Collected data
────────

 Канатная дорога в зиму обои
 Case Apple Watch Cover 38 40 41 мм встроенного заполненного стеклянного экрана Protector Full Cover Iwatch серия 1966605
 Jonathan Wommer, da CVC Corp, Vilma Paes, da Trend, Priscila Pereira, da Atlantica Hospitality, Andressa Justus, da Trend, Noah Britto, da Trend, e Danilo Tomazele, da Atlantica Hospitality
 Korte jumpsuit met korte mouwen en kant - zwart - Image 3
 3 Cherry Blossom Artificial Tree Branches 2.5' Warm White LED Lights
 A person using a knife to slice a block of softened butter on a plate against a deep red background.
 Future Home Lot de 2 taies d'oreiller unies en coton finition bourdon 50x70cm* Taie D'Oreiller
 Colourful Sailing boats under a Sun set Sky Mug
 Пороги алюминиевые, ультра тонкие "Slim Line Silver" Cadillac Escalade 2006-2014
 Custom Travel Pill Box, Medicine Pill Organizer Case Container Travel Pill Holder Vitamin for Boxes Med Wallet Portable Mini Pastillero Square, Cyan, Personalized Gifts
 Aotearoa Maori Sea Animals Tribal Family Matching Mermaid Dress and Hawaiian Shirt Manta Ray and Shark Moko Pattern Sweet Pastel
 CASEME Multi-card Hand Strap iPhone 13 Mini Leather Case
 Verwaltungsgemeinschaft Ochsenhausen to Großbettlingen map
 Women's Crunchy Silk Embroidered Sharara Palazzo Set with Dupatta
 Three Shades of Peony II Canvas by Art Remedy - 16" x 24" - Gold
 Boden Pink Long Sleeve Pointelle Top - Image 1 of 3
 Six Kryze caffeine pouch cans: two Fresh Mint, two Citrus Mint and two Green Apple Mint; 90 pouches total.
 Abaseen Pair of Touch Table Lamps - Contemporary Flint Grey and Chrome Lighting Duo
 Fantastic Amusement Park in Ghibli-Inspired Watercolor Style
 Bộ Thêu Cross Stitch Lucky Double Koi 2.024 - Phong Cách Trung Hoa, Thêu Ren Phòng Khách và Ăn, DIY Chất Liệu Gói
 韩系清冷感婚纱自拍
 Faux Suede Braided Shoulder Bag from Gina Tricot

────────

--- WHAT YOU SHOULD DO ---
Which lines in the data above hold the string "Apple"? Show each one.

--- EXERCISE RESULT ---
 Case Apple Watch Cover 38 40 41 мм встроенного заполненного стеклянного экрана Protector Full Cover Iwatch серия 1966605
 Six Kryze caffeine pouch cans: two Fresh Mint, two Citrus Mint and two Green Apple Mint; 90 pouches total.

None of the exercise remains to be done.